With regard to the staining for the proto-oncogene BCL-2, Naeyaert et al. and Marusic et al. found that FePs are diffusely positive, similar to BCC [38, 52, 65], whereas in trichoepitheliomas, BCL-2 positivity is typically is limited to the periphery [42, 66]. However, BCL-2 may also be diffusely positive in trichoepithelioma and is not considered a reliable differentiator [52, 66].

Carcinoembryonic Antigen (CEA) Staining

Despite the theory that FeP may spread down eccrine ducts and the detection of CEA in some FePs [28], Swanson et al. found that CEA is usually absent in both BCC and trichoepithelioma [66]. Therefore, the presence of absence of CEA staining is not helpful for categorizing FeP as one or the other.

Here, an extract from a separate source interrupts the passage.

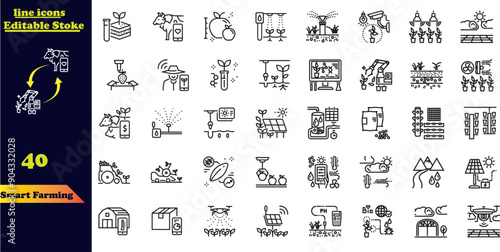 Set of thin line smart farm Icons . farming, gardening, agriculture, smart farm, farm animals, seeding.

Androgen Receptor Staining

The similarly high prevalence of androgen receptors in FeP and BCC (77% vs. 73%) and the absence or rarity of androgen receptors in trichoepithelioma and trichoblastoma (17% and 0%, respectively; p = 0.0007) supports classification of FeP as BCC [37].

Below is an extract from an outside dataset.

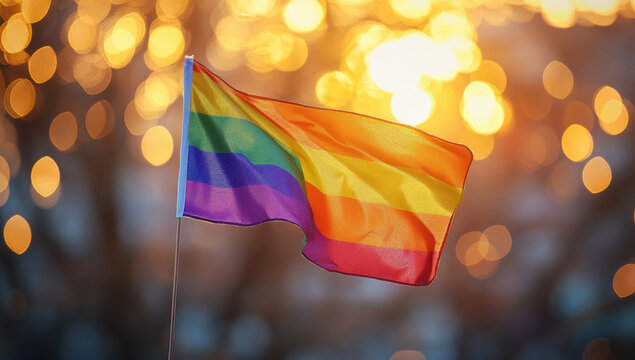 Rainbow flag fluttering, casting colorful pride against soft golden glimmering backdrop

Clinical Behavior and Response to Therapy

FeP’s non-aggressive clinical behavior seems more similar to trichoblastoma than BCC. Additionally, FeP may respond differently to treatment than BCC; Zalaudek et al. reported a man with a FeP that was resistant to 5% imiquimod treatment, whereas his other BCCs resolved with this therapy [19].

Conclusion

Review of the evidence for and against classification of FeP as BCC or trichoblastoma finds that FePs possess characteristics of both. Dermoscopy findings and the amount of mitotic figures, necrosis, and follicular differentiation are intermediate between trichoblastoma and BCC. Its mucin-rich stroma and stromal retraction are more similar to BCC, although its relative lack of solar elastosis and relative prevalence of horn cells are more consistent with trichoblastoma. Immunohistologically, the fenestrated portion of the tumor more closely resembles trichoblastoma while the solid basaloid nubs more closely resemble BCC, with regard to PHLDA1, p53, and Ki-67 staining, and can become full-fledged BCC. With regard to CD34, BCL-2, and androgen receptor expression, FeP is more similar to BCC. In its behavior, it generally seems more similar to trichoblastoma, despite one case of FeP histopathology in metastatic BCC [45]. Some characteristics of FeP are distinct from both BCC and trichoblastoma, such as its predilection for the trunk and its fenestrated histology.

To some extent, whether the lesion should be considered a trichoblastoma until BCC develops within it, or whether it should be called BCC from the beginning, since it may give rise to BCC, seems a semantic issue. Perhaps Katona et al. make the most reasonable proposal—that FeP may be a trichoblastic tumor intermediate between trichoblastoma and BCC [37]. Considering that trichoblastoma and BCC share a common cell of origin [37] and represent two different points in the differentiation of that progenitor cell [55], with similar cytokeratin profiles and mutations in the tumor suppressor ptch1 [8, 37, 58], it makes more sense to consider them on a spectrum from benign to malignant rather than to attempt to draw an artificial line between the two. In his 1965 paper, Pinkus said, “Having been able to collect a graded series from the typical premalignant fibroepithelial tumor to the plate-like or almost macular basal cell epithelioma of the very superficial type, I find it impossible to draw a distinct line anywhere in this series” [11]. This review of FeP, and the evidence to classify the tumor as either a BCC or a trichoblastoma, finds the line similarly difficult to draw, and perhaps doing so is unnecessary.